Just take one of them and calculate it's length. Let's use the top semi circle, $\displaystyle y = \sqrt{25 -x^2}$.
$\displaystyle f(x) = \sqrt{25 -x^2}$
$\displaystyle f'(x) = \frac{1}{2\sqrt{25 -x^2}}\cdot (25-x^2)'$
$\displaystyle f'(x) = \frac{-2x}{2\sqrt{25 -x^2}}$
$\displaystyle f'(x) = \frac{-x}{\sqrt{25 -x^2}}$
Plug it in the formula:
$\displaystyle \int_{-5}^5 \sqrt{ 1+ \left ( \frac{-x}{\sqrt{25 -x^2}} \right )^2 }~dx$
$\displaystyle \int_{-5}^5 \sqrt{1+ \frac{x^2}{25 -x^2}}~dx$
$\displaystyle \int_{-5}^5 \sqrt{\frac{25}{25 -x^2}}~dx$
Let $\displaystyle x=5u$, then $\displaystyle dx = 5~du$ and the bounds will change too,
$\displaystyle 5\int_{-1}^1 \sqrt{\frac{25}{25 -25u^2}}~du$
$\displaystyle 5\int_{-1}^1 \sqrt{\frac{1}{1 -u^2}}~du$
$\displaystyle 5 \arcsin x \bigg |_{-1}^1$
$\displaystyle 5\pi$
Length of the bottom semi circle is $\displaystyle 5\pi$. Then circumference of the circle will be $\displaystyle 2\cdot 5\pi = 10\pi$.
Nice work! Just one problem:
Your antiderivative is a little off.
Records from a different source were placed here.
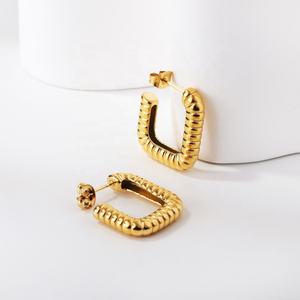 Joyería de Moda, Pendientes de Aro Geométricos Huecos con Textura Cuadrada, de Acero Inoxidable Hipoalergénico, Chapados en Oro de 18k, para Mujer - Product Image 6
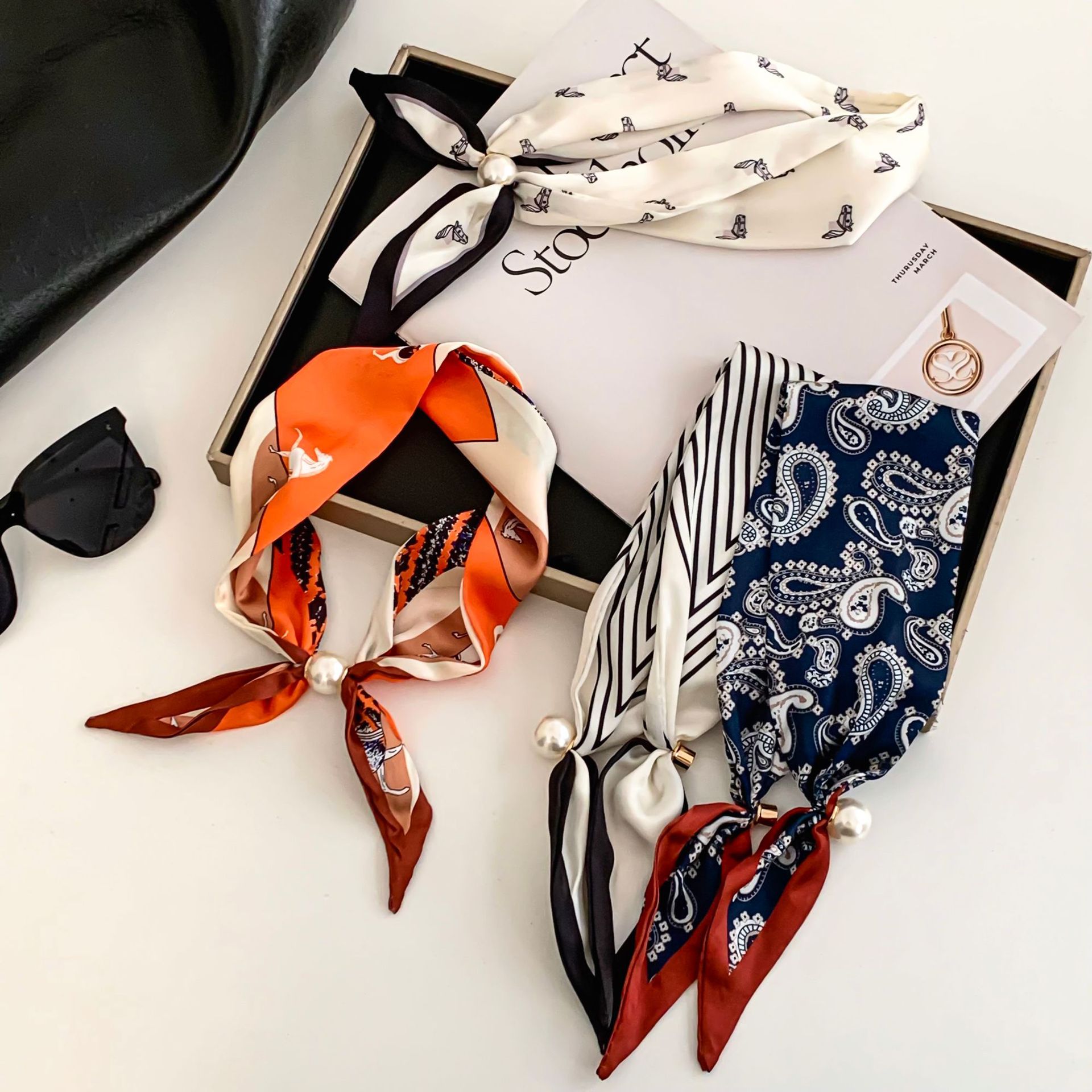 Cashew Flower Silk Scarf Effor - Ascot Neck Scarf のレビューと価格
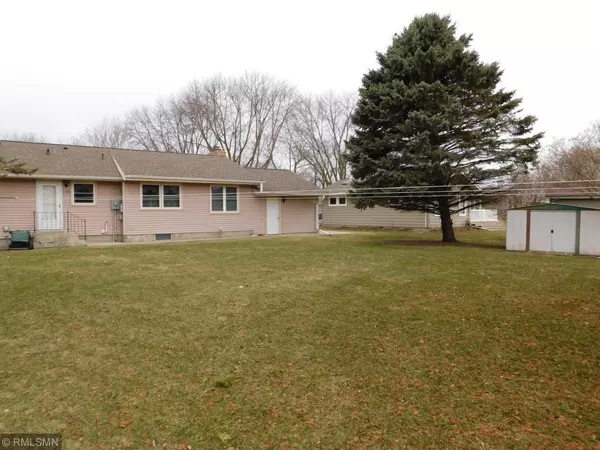 Benson, MN 56215,1110 Oakwood AVE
The general rule is
$\displaystyle \int\frac1{\sqrt{a^2 - x^2}}\,dx = \arcsin\frac xa + C,\;a > 0$
So, for your integral, we have
$\displaystyle \int_{-5}^5\sqrt{\frac{25}{25 - x^2}}\,dx$
$\displaystyle =\int_{-5}^5\frac5{\sqrt{5^2 - x^2}}\,dx$
$\displaystyle =5\int_{-5}^5\frac1{\sqrt{5^2 - x^2}}\,dx$
$\displaystyle =5\arcsin\frac x5\bigg|_{-5}^5 = 5\pi$
Multiplying by two (since we only did the upper-half), we get a circumference of $\displaystyle 2\cdot5\pi = 10\pi$. This agrees with our existing formula, $\displaystyle 2\pi r = 2\pi\cdot5 = 10\pi$.
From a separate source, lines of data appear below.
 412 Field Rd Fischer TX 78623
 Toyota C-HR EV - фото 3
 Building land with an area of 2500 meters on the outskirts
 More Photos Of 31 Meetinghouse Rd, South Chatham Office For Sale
Regarding the parametric equations: you will probably learn this soon if you haven't already (in the US at least it's usually covered by Calc II). Parametric forms can often be a lot easier to work with.
For your other question:
It's very good that you try to check the reasonableness of your answer like that! However, $\displaystyle \frac23\left(8^{3/2}\right)\approx15.084$, so your hypotenuse would be about $\displaystyle 17.075$, which is pretty close to the arc length that you found (naturally we expect the actual length to be a little larger than this, and it is).
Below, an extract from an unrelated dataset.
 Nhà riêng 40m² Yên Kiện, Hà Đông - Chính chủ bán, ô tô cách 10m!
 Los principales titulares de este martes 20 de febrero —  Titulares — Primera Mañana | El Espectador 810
Wow...Iīve never used that arcsin rule before. Great.
Jep, I better do that, it just feels so outer space to me. Too big of a mountain to climb. But thats an obstacle Iīll have to overcome in order to learn new stuff.
I didnīt get this one: $\displaystyle \frac23\left(8^{3/2}\right)\approx15.084$ where do you get this from? And is $\displaystyle 17\frac{1}{3}$ the correct answer?
I looked over your work, and it seems good to me. $\displaystyle 17\frac13 = \frac{52}3$ should be correct.
About your approximation: You used an isosceles triangle with sides of length 8, but this is not correct. You want to approximate the curve $\displaystyle y = \frac23x^{3/2}$ over the interval $\displaystyle [0,\;8],$ right? Thus you draw a line through the two endpoints: when $\displaystyle x = 0$, $\displaystyle \frac23x^{3/2} = 0$ and when $\displaystyle x = 8$, $\displaystyle \frac23x^{3/2} = \frac23\cdot8^{3/2} = \frac23\cdot8\sqrt8 = \frac{32\sqrt2}3\approx15.0849$. Finding the distance between these two points we get $\displaystyle d = \sqrt{(x_1 - x_0)^2 + (y_1 - y_0)^2}\approx \sqrt{(8 - 0)^2 + (15.0849 - 0)^2}\approx17.075$ which is pretty close to the value you found for the length of the actual curve.